Last year was my first Halloween party! It was awesome, We made it mandatory that everyone dress up. We did the whole costume contest, how we did it was have everyone vote on who they thought was best costume, The winner was rewarded with a 5th of Jager! We had a D.J for the night, it was awesome.. We had also got an ice luge, of coarse it was byol for the luge, we supplied 2 bottles of pucker and 5th of Jager for the luge, and Supplied the keg with a $2.00 to help cover cost of food & drinks. The cover was probably the best thing that we had done, considering that there was about 60 people there so we made some of our money back from the party. I displayed most of my food in the kitchen set inside of a coffin on the table, we did cold cuts made into a meathead (I got the idea on a yahoo search) then used other foods and displayed it all as a body. 
For decorations, This was my favorite part of the whole getting ready: We garbaged bag all of my walls! Drapped old white sheets over the furniture, We replaced our regular lightbulbs with black lightbulbs, We had red and purple lights streaming everywhere, The lighting was awesome with the effect of the fogger and strobe lights! For outside, I made my own gravestones and personalized each one for most of the people that I knew were coming. I bought styrophome at Home depot and cut them and spray painted and personalized, with funny inside jokes about each person.. Everyone got a kick out of those. I also had an old garbage can that I had found at my grandma's house itr esemblest he can that you used to see on sesame street (the one that oscar the grouch lived in) I had a tape recorder inside of the can with a person yelling "help get me out of here!" That was displayed in front when everyone arrived!
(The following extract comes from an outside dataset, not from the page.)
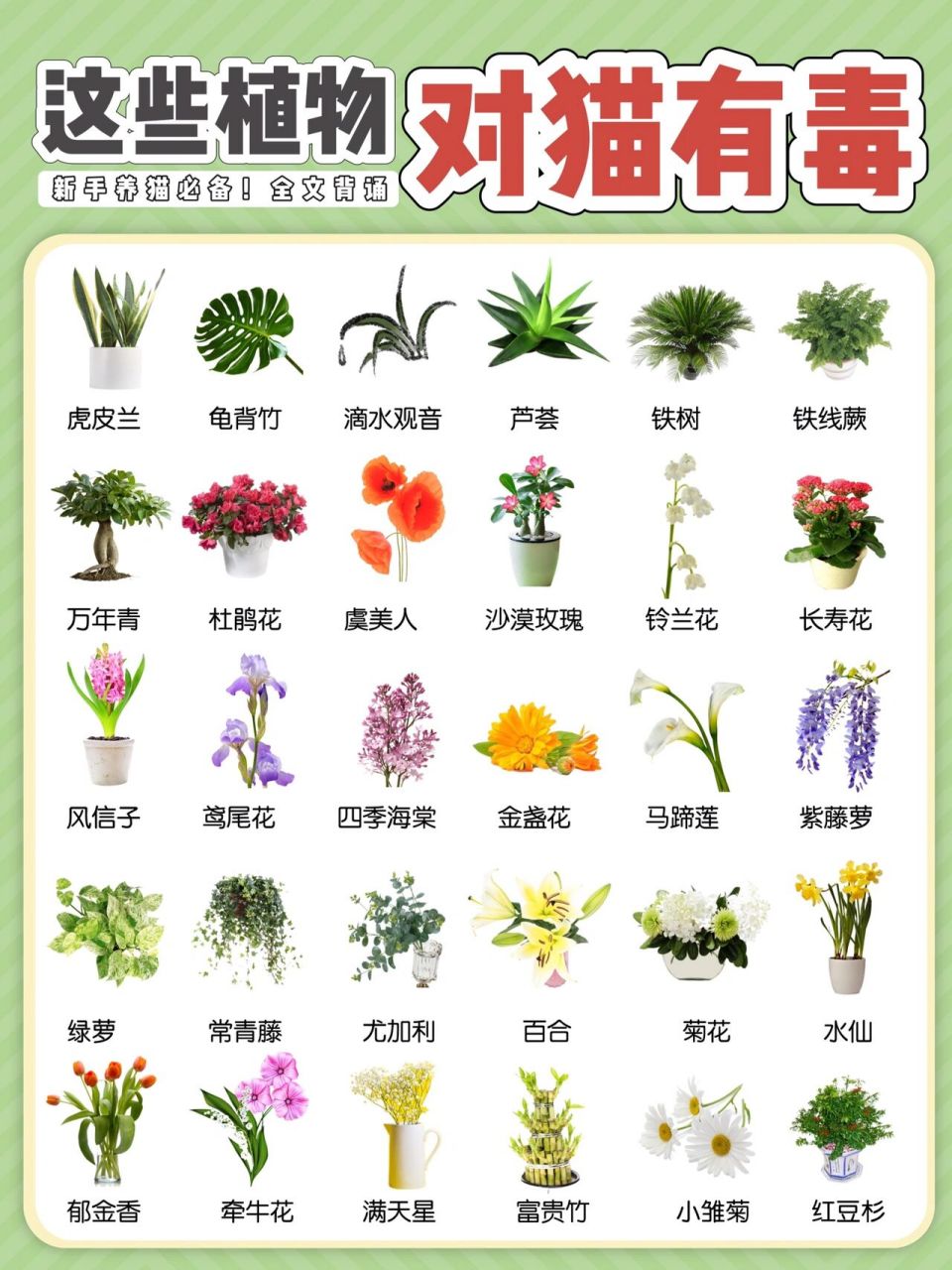 不能摸的植物图片图片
Those are just a few things that I can think of off the top of my head.. Hopefully someone could get good use out of some of my ideas, Happy Halloween


----------



## Deb (May 25, 2005)

*Ice Luge*

For y'all that do the ice luges, how does one go about making one? Where do you get the ice (and how much is it)?


----------



## not so scary (Oct 6, 2004)

*ice luge*

we have always bought our Ice Luge from an ice sculpting place. We pay about $60 and they give us the drain off tray and hose also. It has two channels for side-by-side shots, also a cut out hole on the inside to keep a bottle chilled. The ice block is pretty heavy and about 30 inches tall. You could try to make one yourself if you had a mold. Not a good idea to do in your standard fridge/freezer.


----------



## IshWitch (May 19, 2006)

What is a luge? Does anyone have a picture?


----------



## IshWitch (May 19, 2006)

http://www.monzy.com/?p=153

Gotta love google! Found this to be pretty interesting.


----------



## Macabre1 (Jan 13, 2004)

i've never seen one of these before. they look awesome! definately going to have to try one out.


----------